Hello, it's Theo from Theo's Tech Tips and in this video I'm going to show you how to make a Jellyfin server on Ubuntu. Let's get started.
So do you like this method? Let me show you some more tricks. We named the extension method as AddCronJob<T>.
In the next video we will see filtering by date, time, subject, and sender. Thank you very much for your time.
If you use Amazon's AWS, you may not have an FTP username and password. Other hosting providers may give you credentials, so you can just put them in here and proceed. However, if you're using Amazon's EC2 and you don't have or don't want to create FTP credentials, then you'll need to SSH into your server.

...

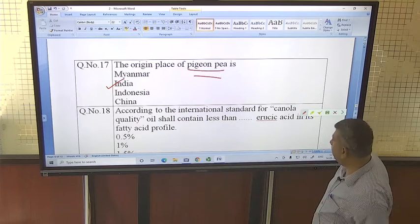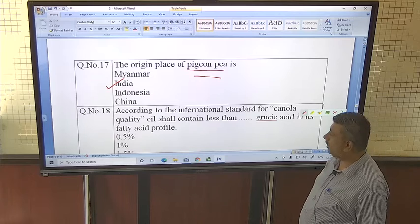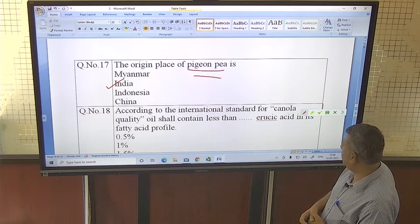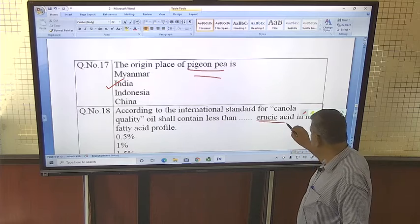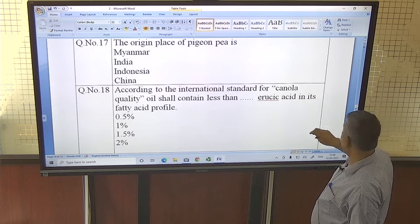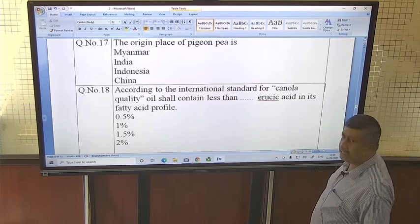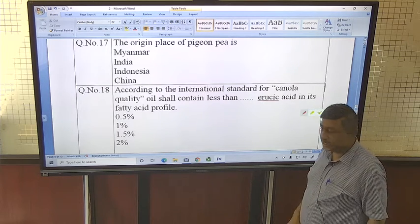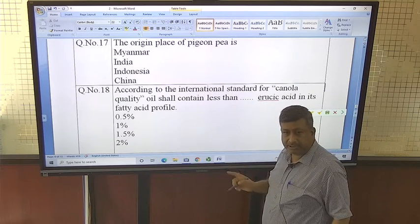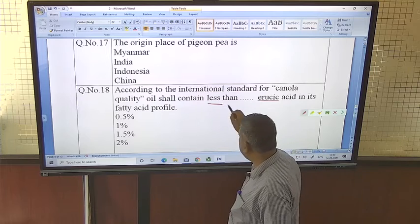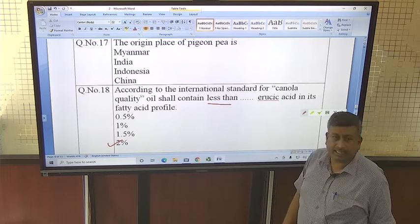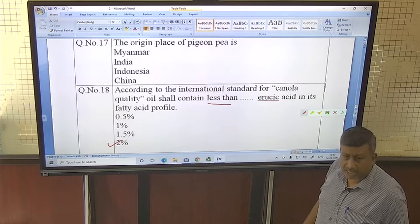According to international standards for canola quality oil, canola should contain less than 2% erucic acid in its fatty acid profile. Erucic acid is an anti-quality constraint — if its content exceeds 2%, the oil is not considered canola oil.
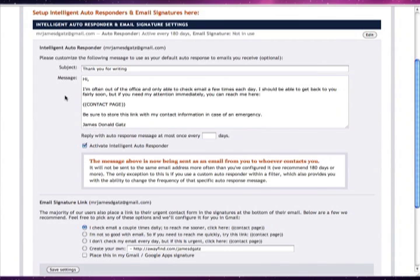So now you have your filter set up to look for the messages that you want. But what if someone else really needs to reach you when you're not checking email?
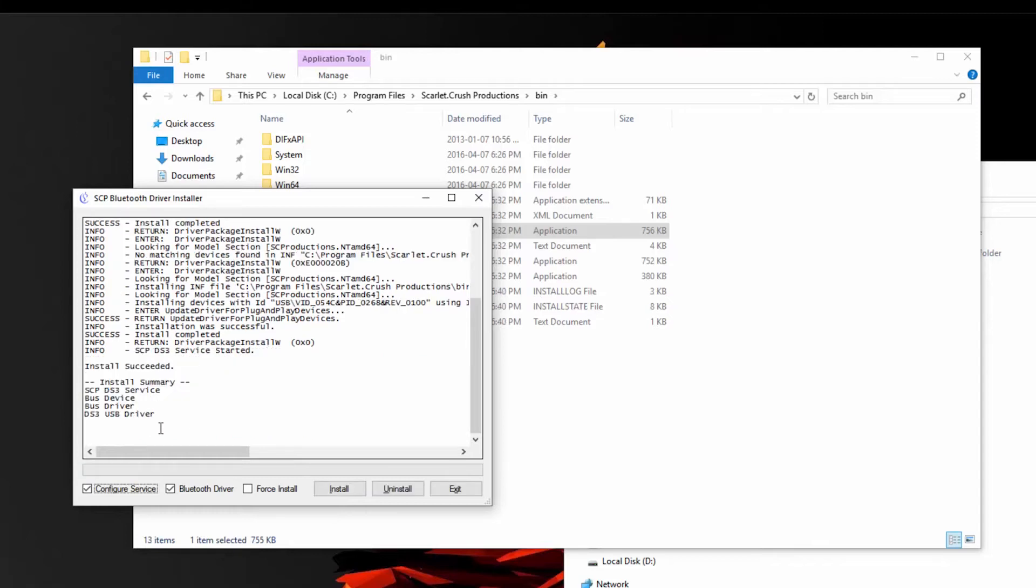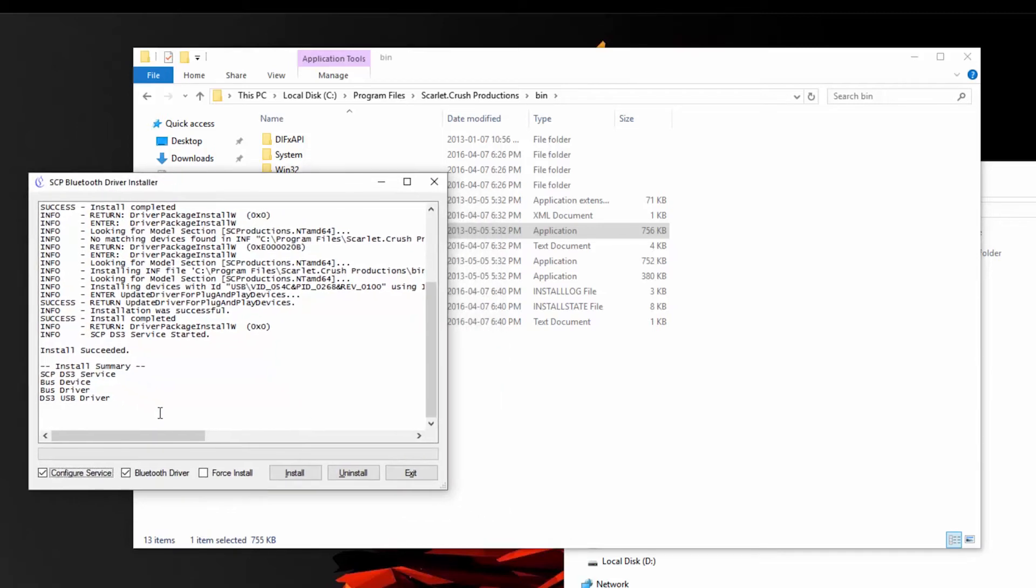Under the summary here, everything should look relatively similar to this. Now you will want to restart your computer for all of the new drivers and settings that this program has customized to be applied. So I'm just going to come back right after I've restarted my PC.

* * *

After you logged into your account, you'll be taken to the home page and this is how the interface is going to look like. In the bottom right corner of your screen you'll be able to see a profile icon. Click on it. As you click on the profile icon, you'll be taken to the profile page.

■ What you need to do
A single figure is the whole answer: the number of lines in the material above that contain "server".

■ Finished task
2